Here is a second, more algebraic proof.
Consider the morphism $f:\mathbb A^1_k \to \mathbb A^n_k :t\mapsto (f_1(t),\ldots,f_n(t))$.
It corresponds to the morphism of $k$-algebras $\phi: k[T_1,...,T_n] \to k[T]:T_i\mapsto f_i(T) $.
There are now two cases:
a) If all the polynomials $f_i(T)$ are constant the image of $f$ is a point in $\mathbb A^n_k$, and so obviously a closed set.
b) If some $f_i$ is not constant, then $T$ is integral over $k[f_i(T)]$ and a fortiori over $k[f_1(T),...,f_n(T)]$.
In other words the morphism $\phi: k[T_1,...,T_n] \to k[T] $ is integral (and even finite).
So the morphism $f:\mathbb A^1_k \to \mathbb A^n_k $ is integral and thus closed. In particular $f(\mathbb A^1_k)\subset \mathbb A^n_k$ is closed
Remark
Despite appearances this proof is more elementary than the preceding one. It only uses that integral morphisms are closed, which follows from lying-over.

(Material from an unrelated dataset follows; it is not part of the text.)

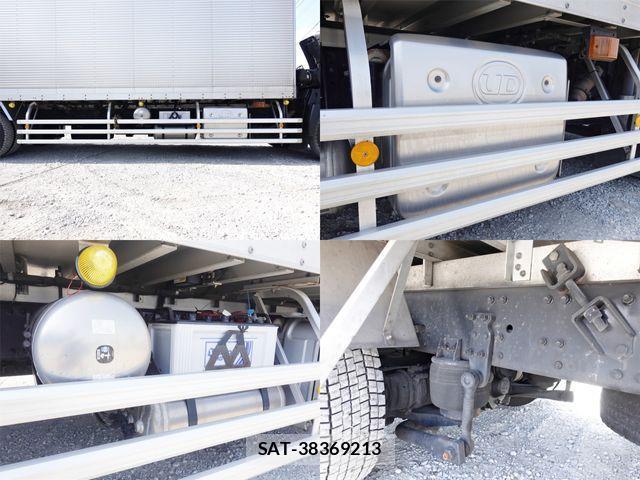 Nissan QUON 2019-07 3909171-19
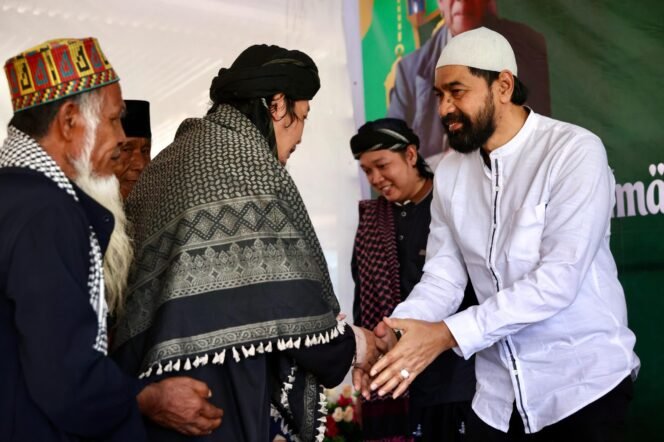 
					Gubernur Aceh, Muzakir Manaf, dalam peringatan Haul ke-4 (Alm) Abu H.Usman Nurul Fauzi (Abu Usman Pedeung), di Komplek Pesantren Darul Aman, Gp. Peulantue, Kec. Kuala Bubon, Aceh Berat, Kamis, 17/4/2025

The simplicity of the first proof is a bit deceptive: it uses as a black box that projective space is complete.
This is often thought trivial because it corresponds to compactness over $\mathbb C $, but the algebraic proof of completeness is not trivial, nor, come to think of it, is the assertion that completeness is equivalent to compactness in the classical case ( a GAGA-type of assertion)